I have this type of data in an ordered R dataframe.
set.seed(25)
date <- sort(as.Date(sample( as.numeric(as.Date("2019-01-01")): as.numeric(as.Date("2021-03-31")), 10,
replace = T),
origin = '1970-01-01'))
type <- c("Football", "Football", "Rugby", "Football", "Hockey", "Tennis", "Hockey", "Basketball", "Basketball", "Rugby")
id <- c("1","1","1","1","2","2","3","4","4","5")

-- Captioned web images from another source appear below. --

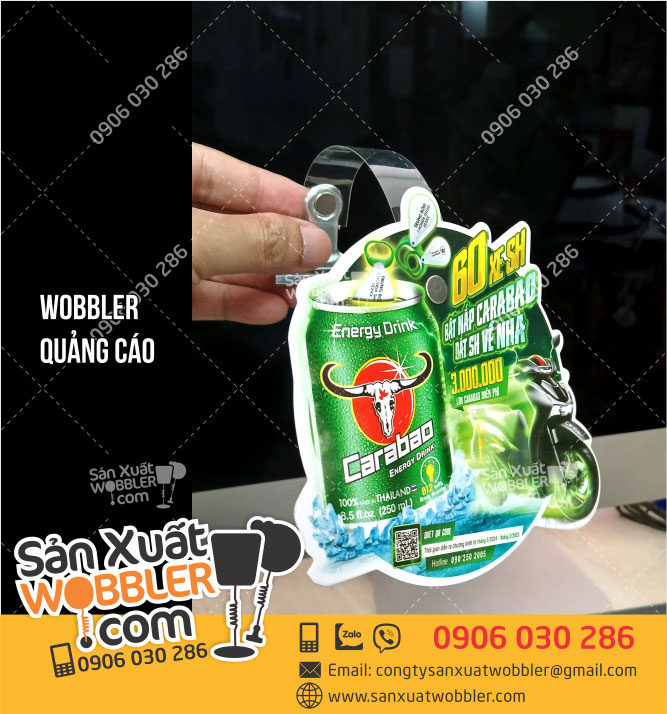 Wobbler trúng thưởng nước tăng lực Carabao - In ấn Quảng Cáo Quang Hưng - Công Ty TNHH Một Thành Viên In ấn Quang Hưng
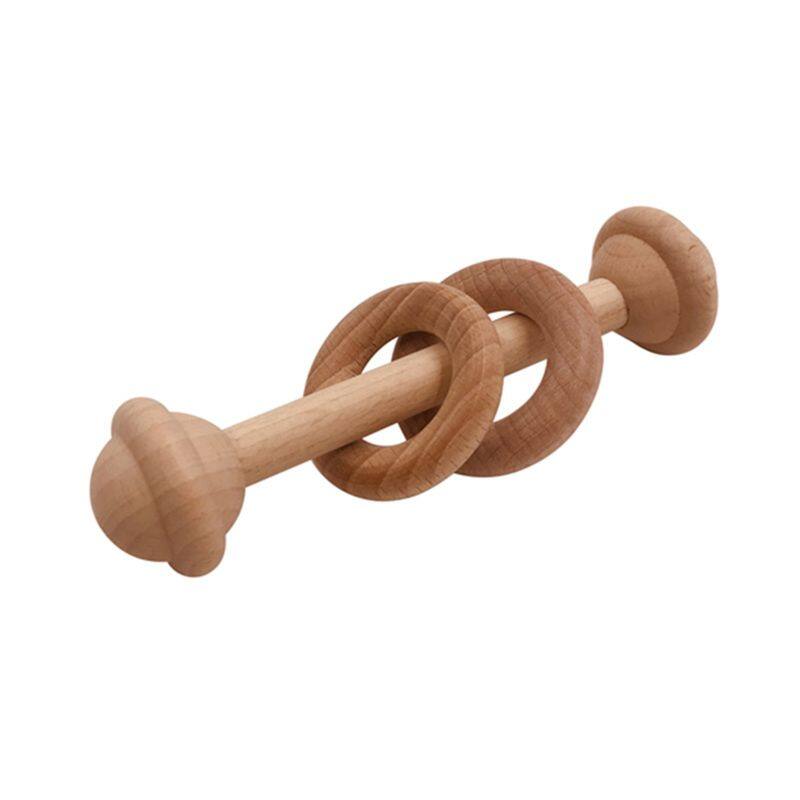 1PC Baby Teether Toys Beech Wooden Rattle Wood Teething Rodent Ring Musical Chew Play Gym Montessori Stroller For Childr
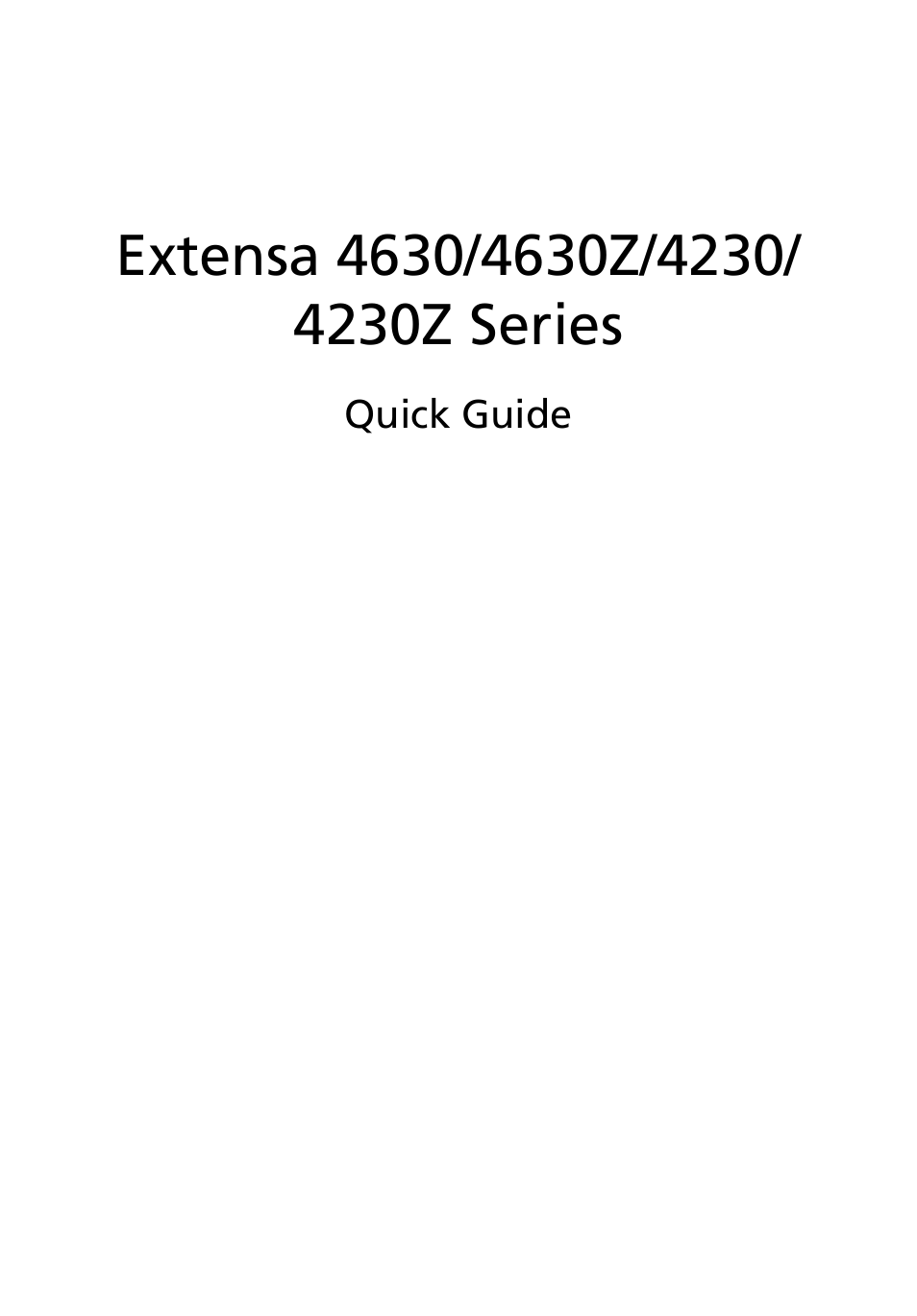 Acer Extensa 4630Z User Manual | 12 pages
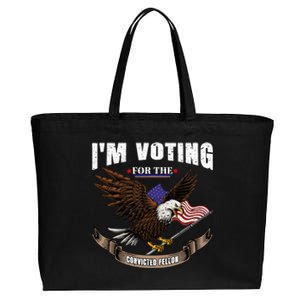 IM Voting For The Convicted Fellon 2024 Us Flag Pro Trump Cotton Canvas Jumbo Tote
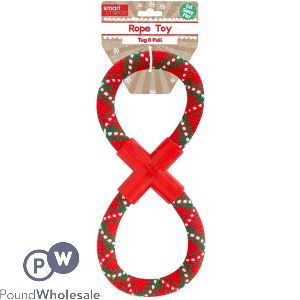 Smart Choice Christmas Figure Of 8 Rope Tug Dog Toy 25cm
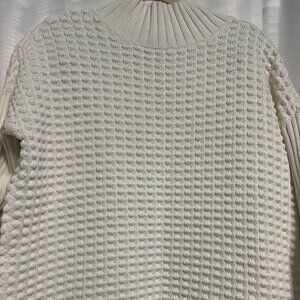 French Connection 100% Cotton Textured Knit Sweater | Minimalist Capsule | S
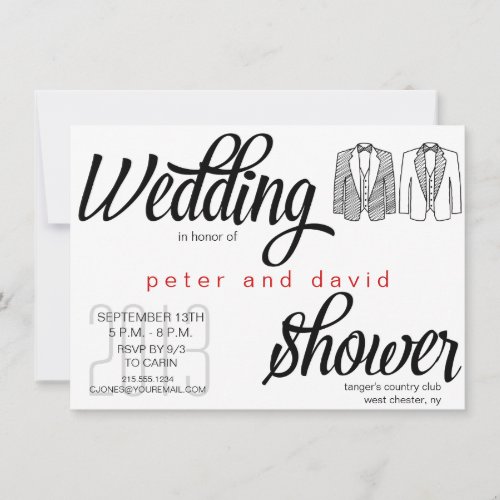 Black Tie Gay Wedding Shower Invitation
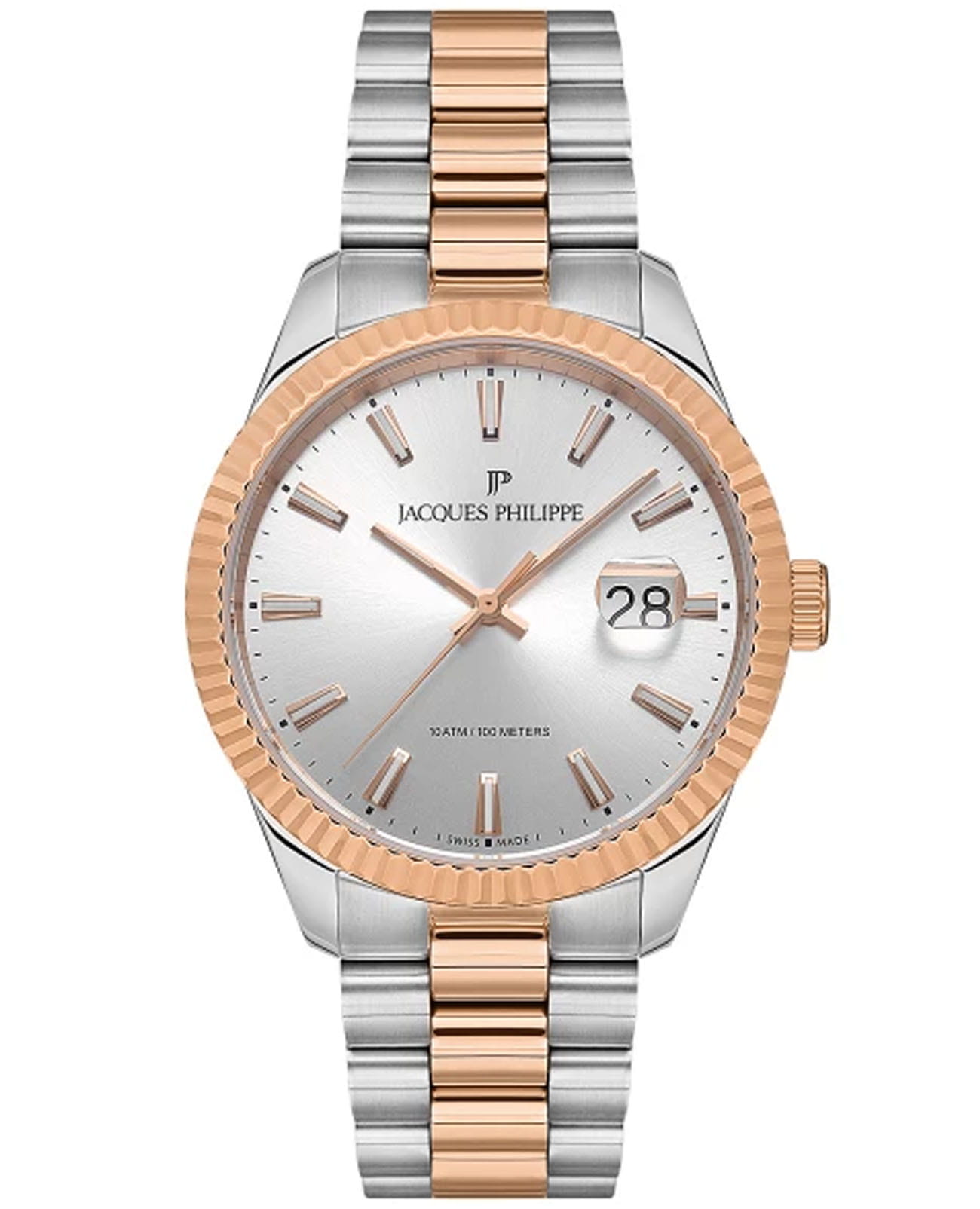 Jacques Philippe Jacques Philippe Solis JPQGS237328  JPQGS237328 кварцевые мужские часы серебристый циферблат, браслет нержавеющая сталь с pvd-покрытием — вид спереди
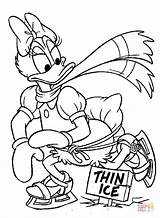 Ice Coloring Thin Pages Skating Daisy Duck Silhouettes sketch template
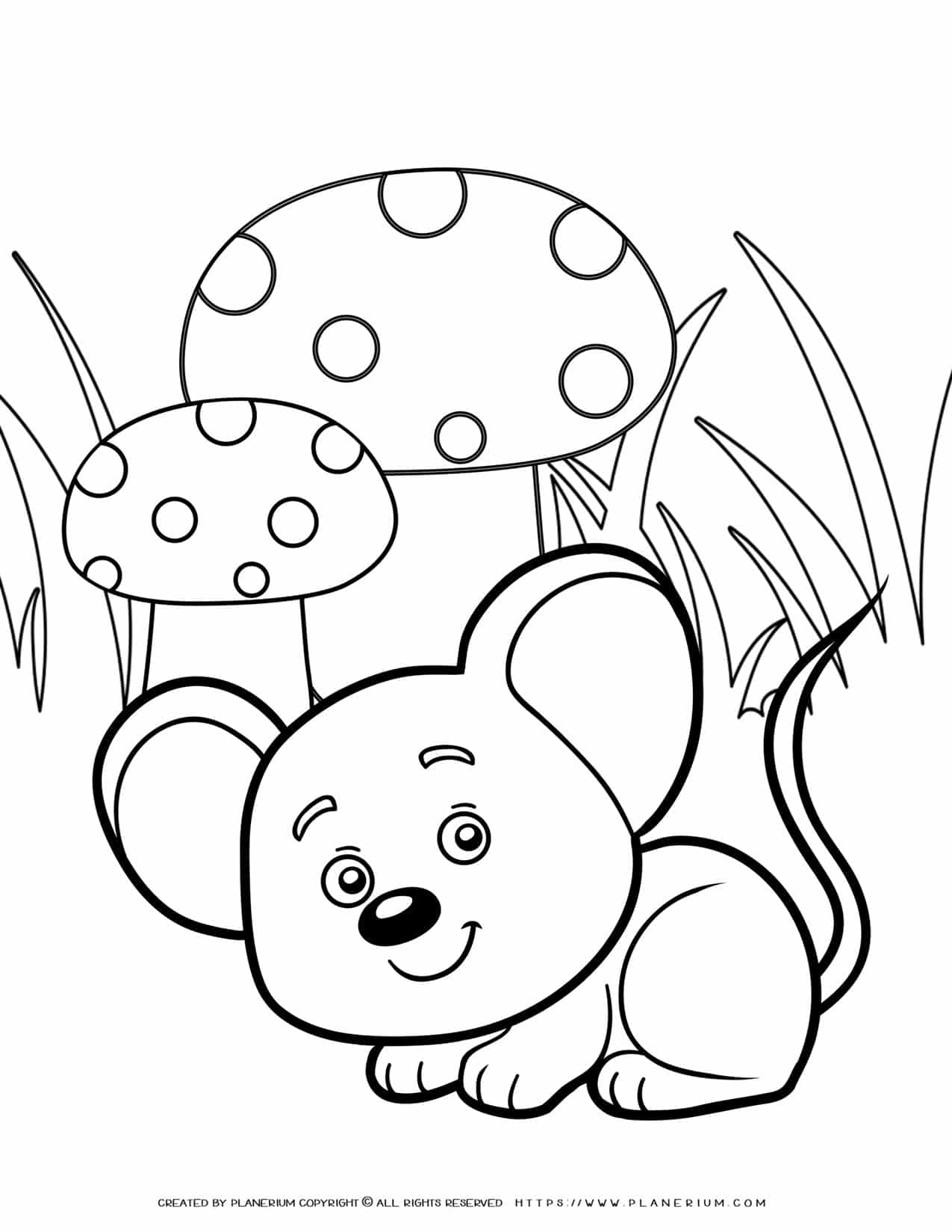 Animals Coloring Page - Mouse | Planerium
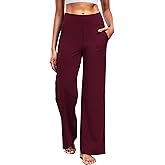 CADMUS High Waist Yoga Pants Women Wide Leg Pants with Pockets Stretch Dress Casual Sweatpants Petite/Regular/Tall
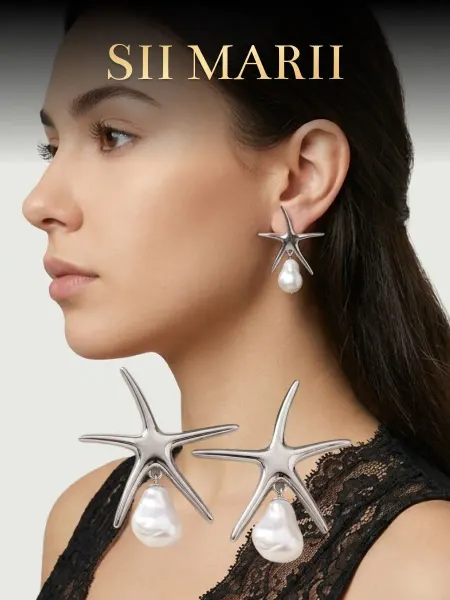 Schiaparelli Серьги скиапарелли морская звезда с жемчужной серебристые
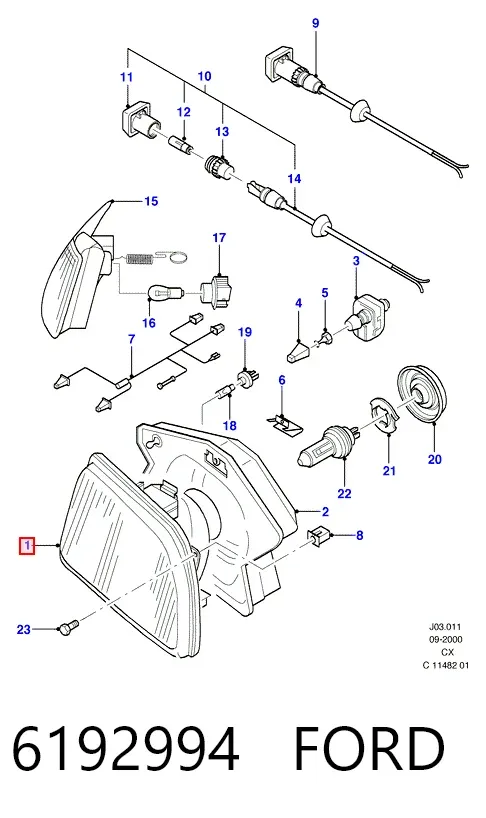 Faro derecho 6192994 Ford
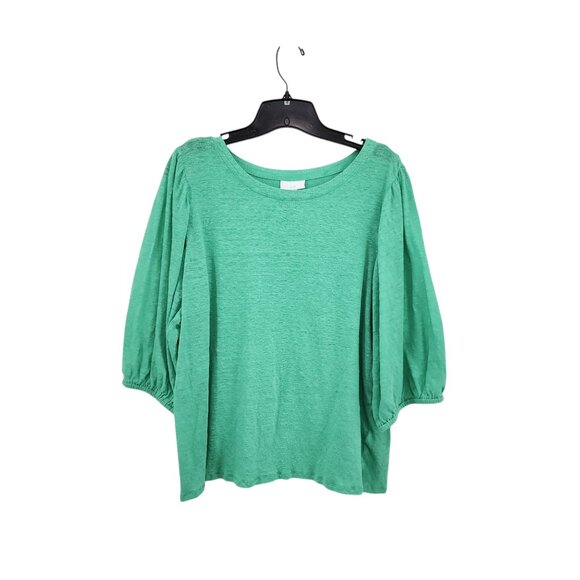 J.Jill Women's 100% Linen Knit Puff Sleeves Pullover Blouse - L - Picture 1 of 7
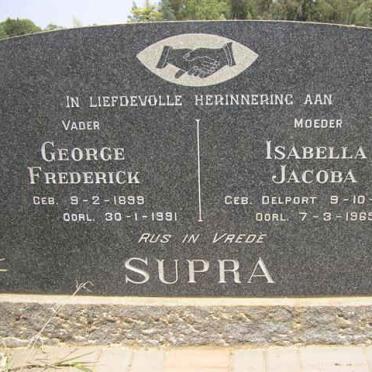 SUPRA George Frederick 1899-1991 &amp; Isabella Jacoba DELPORT 1897-1955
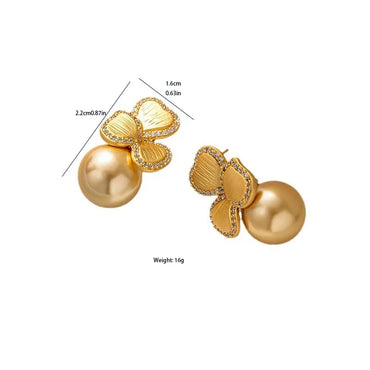 1 Pair Elegant Lady Irregular Flower Artificial Pearl Brass 18K Gold Plated Hoop Earrings Ear Studs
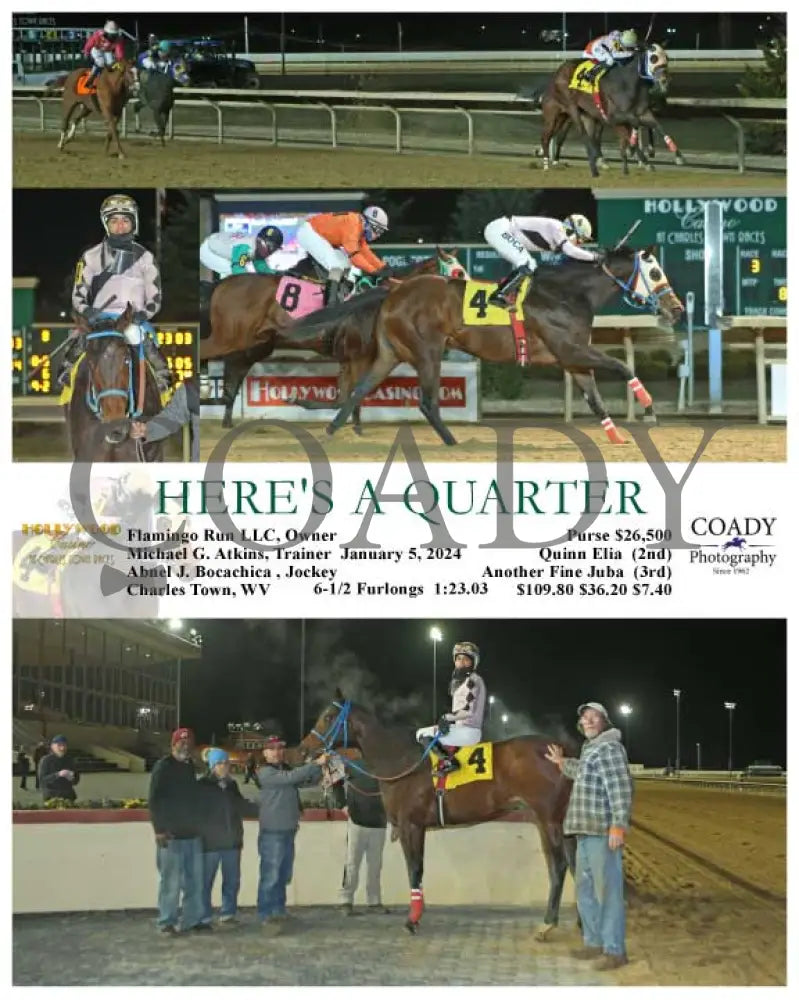 Here’s A Quarter - 01-05-24 R03 Ct Hollywood Casino At Charles Town Races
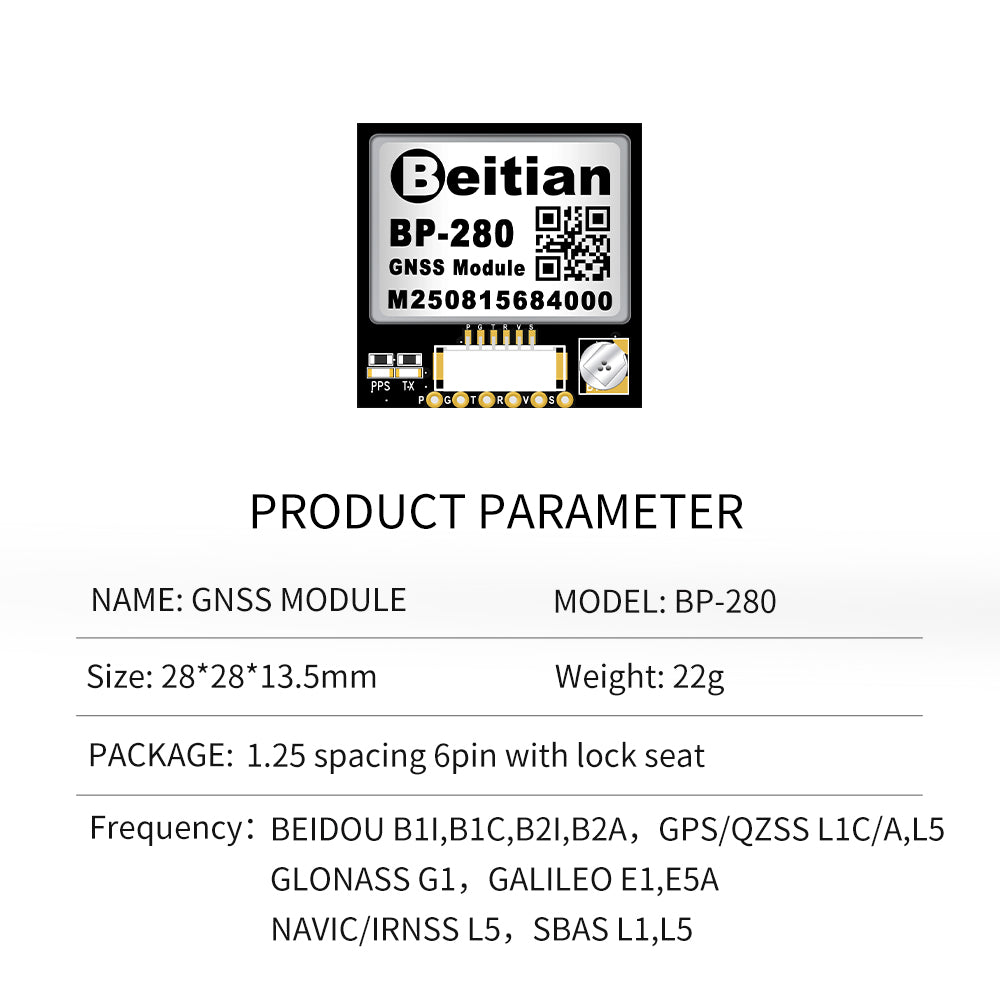 Beitian four-mode dual-frequency GNSS module high-precision RTK single Beidou GPS positioning multi-channel BP-280 357 Beitian four-mode dual-frequency GNSS module high-precision RTK single Beidou GPS positioning multi-channel BP-280 357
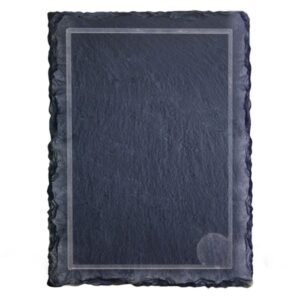 RECTANGULAR STEAK PLATE WITH GRAVY CHANNEL SCALLOPED EDGE RECTANGULAR BLACK L33 X W24CM NATURAL SLATE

df <- data.frame(date,id, type)
date id type
2019-04-09 1 Football
2019-04-13 1 Football
2019-04-20 1 Rugby
2019-04-21 1 Football
2019-05-31 2 Hockey
2020-02-09 2 Tennis
2020-03-08 3 Hockey
2020-03-24 4 Basketball
2020-08-18 4 Football
2020-11-01 5 Rugby
The result I'm trying to get at is this:
date id type type_2
2019-04-09 1 Football Football
2019-04-13 1 Football Football
2019-04-20 1 Rugby Multi
2019-04-21 1 Football Multi
2019-05-31 2 Hockey Hockey
2020-02-09 2 Tennis Multi
2020-03-08 3 Hockey Hockey
2020-03-24 4 Basketball Basketball
2020-08-18 4 Basketball Basketball
2020-11-01 5 Rugby Rugby
Basically, the first sport in time an id practices stays if the next sport he practices is the same as the previous one, type_2 remains the same, but as soon as he changes sport later on, he changes to multi for the rest of his values later on.
I tried do this with lag()
, lead()
and if_else()
in dplyr
but the results never come out the way I want.